In a proceeding pursuant to CPLR article 78 to review a determination of the New York State Department of Correctional Services dated March 7, 2007, which affirmed a decision of the Superintendent of Green Haven Correctional Facility dated February 7, 2007, affirming a decision of the Inmate Grievance Response Committee dated February 2, 2007, which, in effect, denied, without a hearing, the petitioner's application to delete from his sentence a five-year period of postrelease supervision which had been administratively added by the New York State Department of Correctional Services, the petitioner appeals from a judgment of the Supreme Court, Dutchess County (Dolan, J.), dated September 19, 2007, which dismissed the petition as premature.
Published by New York State Law Reporting Bureau pursuant to Judiciary Law § 431.
This opinion is uncorrected and subject to revision before publication in the Official Reports.
A. GAIL PRUDENTI, P.J., MARK C. DILLON, RANDALL T. ENG & JOHN M. LEVENTHAL, JJ.
(Index No. 3312/07)
DECISION & ORDER
ORDERED that the judgment is reversed, on the law, without costs or disbursements, the petition is reinstated and granted, the determination dated March 7, 2007, is annulled, the administrative decisions dated February 7, 2007, and February 2, 2007, respectively, are vacated, and the petitioner's application is granted.

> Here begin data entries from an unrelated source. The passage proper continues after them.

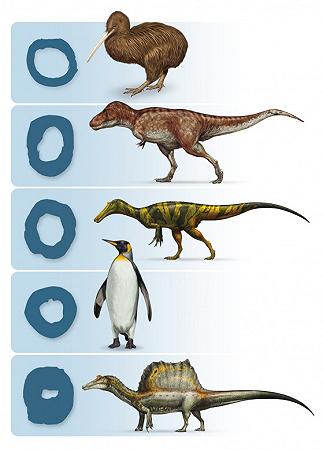 confronto-sezioni-ossa---disegni-D.-Bonadonna-Prehistoric-Minds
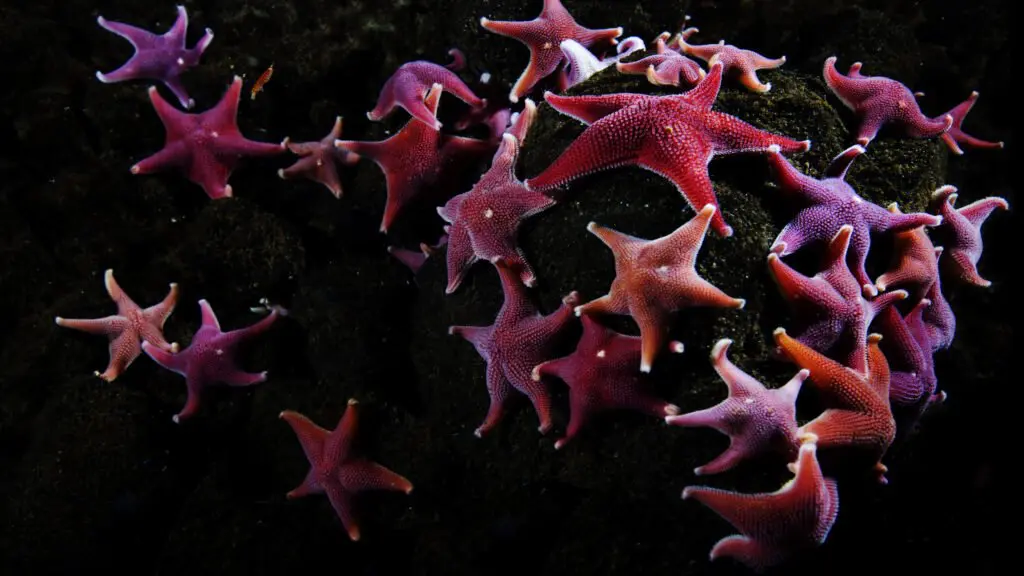 A cluster of pink and purple sea stars on dark rock.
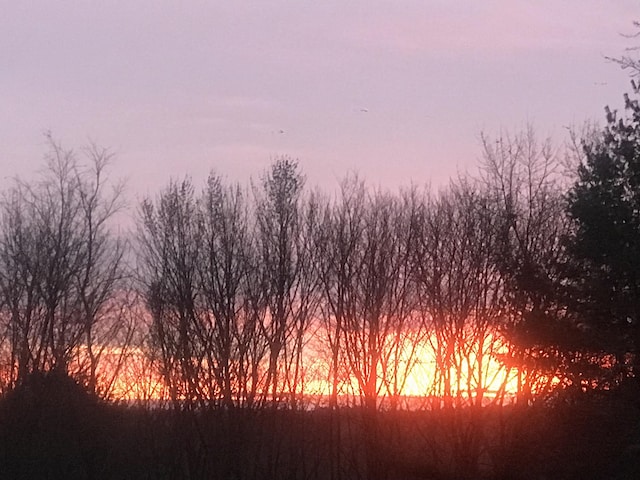 57 Oxford St, Augusta, ME 04330 - view of local wilderness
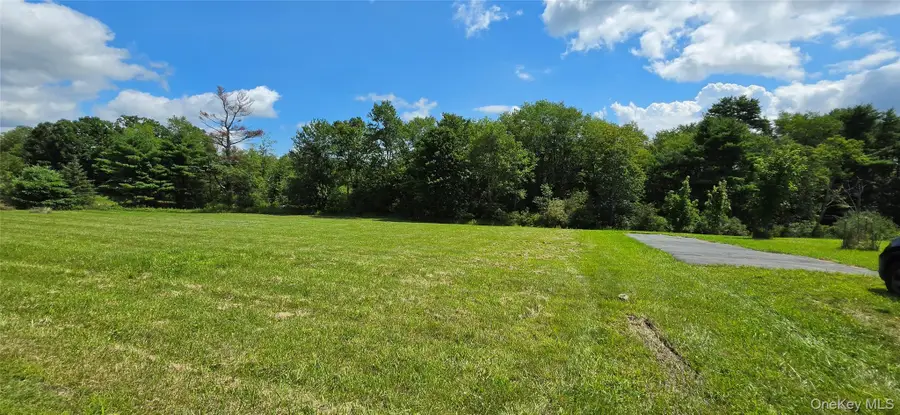 Lots 4 & 5 Dr. Duggan Road, Bethel, NY 12720 - #3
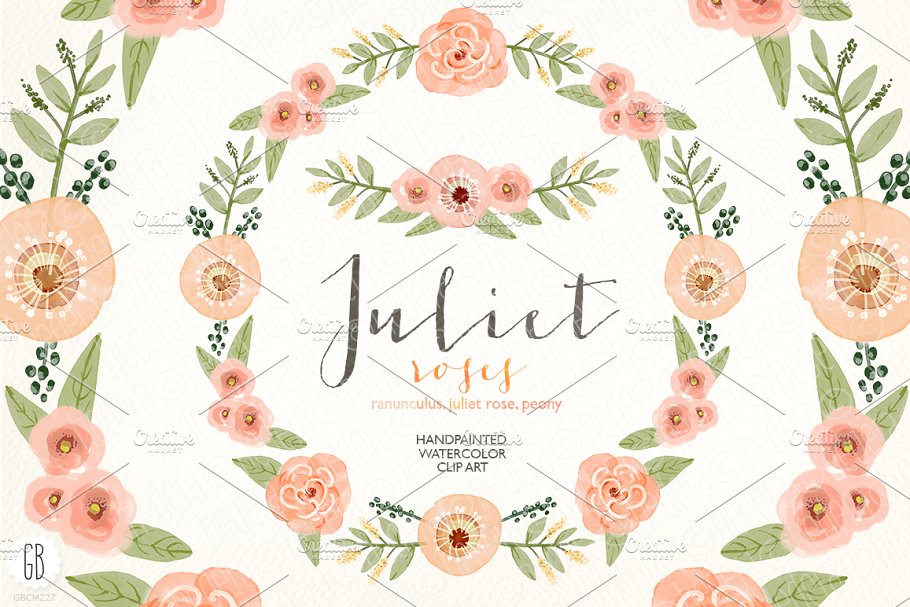 水彩珊瑚橄榄花环素材 Watercolor coral olive floral wreath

The petitioner, an inmate at Green Haven Correctional Facility, was convicted in 2000 of rape in the first degree, and was sentenced to a determinate term of imprisonment of 15 years. The sentencing judge did not impose a period of postrelease supervision (hereinafter PRS), and no such period was mentioned in the order of commitment. Sometime after the petitioner began serving his sentence, the New York State Department of Correctional Services (hereinafter the DOCS) administratively added a five-year period of PRS to his sentence. The petitioner filed a grievance with prison officials, challenging the addition, by the DOCS, of the PRS period to his sentence. The grievance was, in effect, denied, and that result was affirmed by the Superintendent of the correctional facility and then by the Central Office Review Committee of the DOCS.

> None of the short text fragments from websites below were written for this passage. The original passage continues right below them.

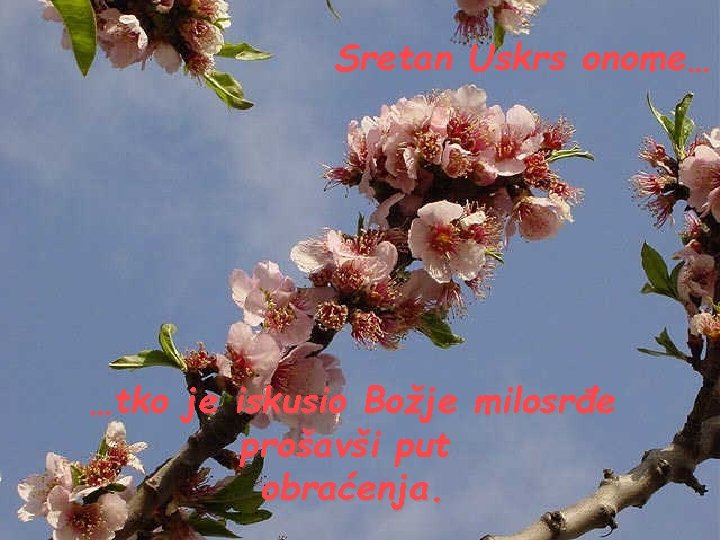 Sretan Uskrs onome… …tko je iskusio Božje milosrđe prošavši put obraćenja. 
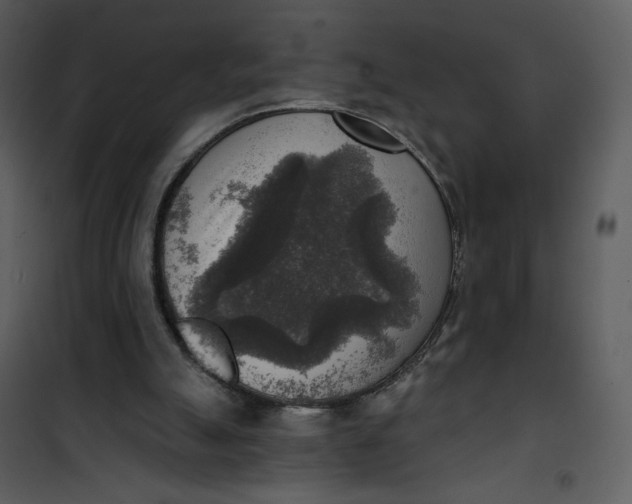 X0000101150055200807181344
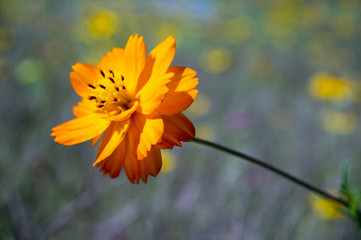 Cosmos sulphureus, Sulfur Cosmos, Yellow Cosmos in Bloom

The petitioner then commenced this proceeding pursuant to CPLR article 78, seeking to annul the determination of the DOCS. The Supreme Court dismissed the petition as premature. The petitioner appeals and we reverse.
Contrary to the Supreme Court's conclusion, the fact that approximately eight years remained to be served on the petitioner's prison term before he would begin serving any period of PRS did not render this CPLR article 78 proceeding premature. The DOCS did not object to or oppose either the petitioner's invocation of its grievance procedure to challenge its alteration of his sentence or the petitioner's filing of the grievance prior to the end of his prison term. Having pursued and exhausted his administrative remedies, and having obtained a final determination from the agency, the petitioner was entitled to promptly challenge that determination in a CPLR article 78 proceeding (see Walton v New York State Dept. of Correctional Servs., 8 NY3d 186, 194-195). Accordingly, the Supreme Court should have reached the merits of the petition, and we do so now.
Sentences are imposed by courts, not by administrative agencies (see Matter of Garner v New York State Dept. of Correctional Servs., 10 NY3d 358). Contrary to the argument made by the DOCS in its pleading in this case, PRS "is not automatically included in the pronouncement of a determinate sentence, and thus a defendant has a statutory right to have that punishment imposed by the sentencing judge" (id. at 363). In adding a period of PRS to the petitioner's sentence, the DOCS usurped the function of the sentencing judge, and acted "beyond [its] limited jurisdiction over inmates and correctional institutions" (id. at 362).
Thus, the administrative determination of the DOCS that it properly added the period of PRS to the petitioner's sentence was "affected by an error of law" (CPLR 7803). The Supreme Court, therefore, should have granted the petition, annulled the final determination of the DOCS dated March 7, 2007, vacated the administrative decisions dated February 7, 2007, and February 2, 2007, respectively, and granted the petitioner's application to delete from his sentence the five-year period of PRS administratively added by the DOCS.
PRUDENTI, P.J., DILLON, ENG and LEVENTHAL, JJ., concur.